Сам он, надо сказать, умел по-деловому справляться с житейскими невзгодами: это видно по тому, как он быстро, без долгой суеты, похоронил мать и сбежал от первой жены.
Возникает вопрос: не из желания ли оправдать свои поступки стремился он возвысить искусство, представив его несравненным благом? В «Искусстве здесь и сейчас» недвусмысленно дается понять, что пророком современного искусства Гоген стал потому, что сумел целиком посвятить себя живописи, хотя это стоило ему работы в банке, «и ему пришлось оставить жену и детей». Другой литературный пример – Стерн[13], между прочим, тоже уроженец Йоркшира, известен тем, что был не в ладах с женой. Но самой явной попыткой отца оправдаться стала его книга «В защиту Шелли».

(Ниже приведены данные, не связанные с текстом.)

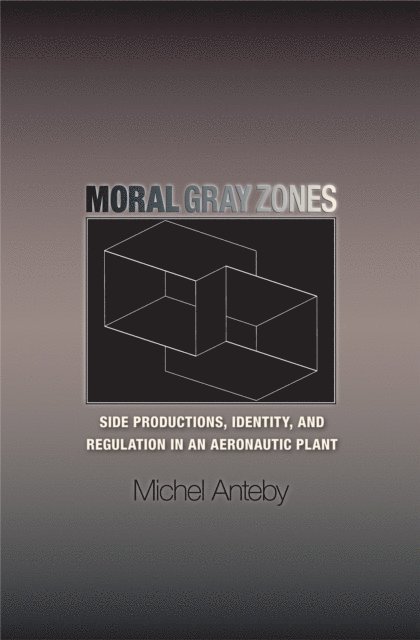 Michel Anteby - Moral Gray Zones, E-bok. Tillgänglighet: Lägg i varukorg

О своем неприязненном отношении к поэзии Шелли не раз высказывался Т. С. Элиот, объясняя его моральными огрехами поэта, в частности, тем, как он обошелся со своей женой Хэрриет, когда решил бросить ее ради Мэри Годвин[14]. Мой же отец, наоборот, отождествлял себя с Шелли: во всяком случае, письмо, которое тот написал Хэрриет в октябре 1814 года, вполне могло выйти из-под пера моего отца и быть адресовано его первой жене Эвелин в июне 1933 года:
«Я сошелся с другой, ты мне больше не жена. Если я причинил тебе боль, то совершенно невинно и нечаянно: мне с самого начала не следовало связывать с тобой свою судьбу. В любом случае страданий – и не маленьких – было бы не избежать»{13}.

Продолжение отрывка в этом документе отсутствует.